Anne Sallé: “Eating well is within everyone’s reach”

Latest News

Journalist and culinary expert, a friend of chefs for over 20 years, Anne Sallé today shares portraits and secrets of chefs, recipes, and great tips on “Mikuy,” her very fresh new gourmet blog. We’ve tasted it, and you know what? We absolutely loved it!

Every day or almost, Anne Sallé “cooks up” with the chefs: it’s her job to meet them, in their kitchens, and engage with them about tastes and flavors, products and techniques, their expertise and desires. “The word that comes up most in our discussions is ‘sharing,’” she says. Yes, chefs love to share, and they have things to share: the passion for the craft, the love of quality products, their desire to please the customer. That, too, is part of the French gastronomic meal classified by UNESCO.”

When the connection is established, the perspective on cuisine changes and becomes collaborative. “Each dish is a story, she continues, the result of experience and life, experiments, research, and sacrifices too. I have a lot of respect for that. In traditional media, the topic is not addressed from this angle. But discovering the behind-the-scenes is what fascinates me and what I want to share.”

She needed a specific platform, so she created her own: “Mikuy“, a blog aimed at creating a bond between chefs and the general public. “Eating well is not that complicated. It’s a good product, proper cooking, successful flavor combinations. Chefs know how to talk about it very well, so you just have to ask them!” she laughs.

In this atypical blog, you’ll find mouthfuls of chef portraits, as well as all the actors who make gastronomy, chef recipes, addresses, gourmet news, the agenda of must-not-miss events, the story of her getaways… And the good news is that from May 28, you will find Mikuy on Nice Premium once a week with her gourmet articles.
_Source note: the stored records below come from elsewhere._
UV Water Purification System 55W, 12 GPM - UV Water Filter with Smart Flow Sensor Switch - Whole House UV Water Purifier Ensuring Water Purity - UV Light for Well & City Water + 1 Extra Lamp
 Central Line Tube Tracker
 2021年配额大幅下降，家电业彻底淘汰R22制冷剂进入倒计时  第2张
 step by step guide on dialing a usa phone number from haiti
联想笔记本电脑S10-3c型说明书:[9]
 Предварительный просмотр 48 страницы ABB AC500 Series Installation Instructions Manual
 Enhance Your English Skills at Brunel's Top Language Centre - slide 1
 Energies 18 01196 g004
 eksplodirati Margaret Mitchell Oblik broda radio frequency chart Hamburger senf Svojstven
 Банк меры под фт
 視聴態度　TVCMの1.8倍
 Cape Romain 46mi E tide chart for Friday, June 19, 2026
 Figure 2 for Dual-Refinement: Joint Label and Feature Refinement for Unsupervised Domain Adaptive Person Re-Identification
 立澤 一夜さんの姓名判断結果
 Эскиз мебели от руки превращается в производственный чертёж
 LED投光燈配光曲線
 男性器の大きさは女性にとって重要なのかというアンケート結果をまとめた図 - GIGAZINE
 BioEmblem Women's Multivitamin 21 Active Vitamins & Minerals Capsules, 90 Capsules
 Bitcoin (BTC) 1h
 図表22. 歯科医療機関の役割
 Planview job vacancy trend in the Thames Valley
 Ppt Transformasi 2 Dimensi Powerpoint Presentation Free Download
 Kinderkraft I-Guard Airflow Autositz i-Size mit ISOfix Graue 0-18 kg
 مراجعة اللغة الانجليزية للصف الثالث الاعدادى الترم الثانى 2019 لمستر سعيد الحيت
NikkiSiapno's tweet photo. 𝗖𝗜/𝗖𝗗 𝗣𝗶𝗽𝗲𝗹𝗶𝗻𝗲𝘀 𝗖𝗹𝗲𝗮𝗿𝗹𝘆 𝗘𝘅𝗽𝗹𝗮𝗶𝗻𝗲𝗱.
To be enjoyed without moderation!

Everyone takes turns…
Nice Premium has interviewed Anne Sallé!

Mikuy“, what a fun name…

It’s the name of a little character I created for taste workshops for school children in Nice. It’s short, easy to remember, a bit cheeky, and it sounds gourmet. In the Quechua language, it means “to eat,” and it suits me perfectly…

A word that comes to mind to define a chef?

I would say they are “food nuts”! Because you really have to be crazy to do this job and spend hours behind the stove trying to always do better, surprise, move, delight…

Does your passion for cooking go beyond journalism?

Yes. I organize and host event poles at gastronomic fairs, I collaborate on historical reconstructions. I create fun workshops around taste. I like to tailor actions to a territory to create links between people. The encounter can also take the form of custom-created books.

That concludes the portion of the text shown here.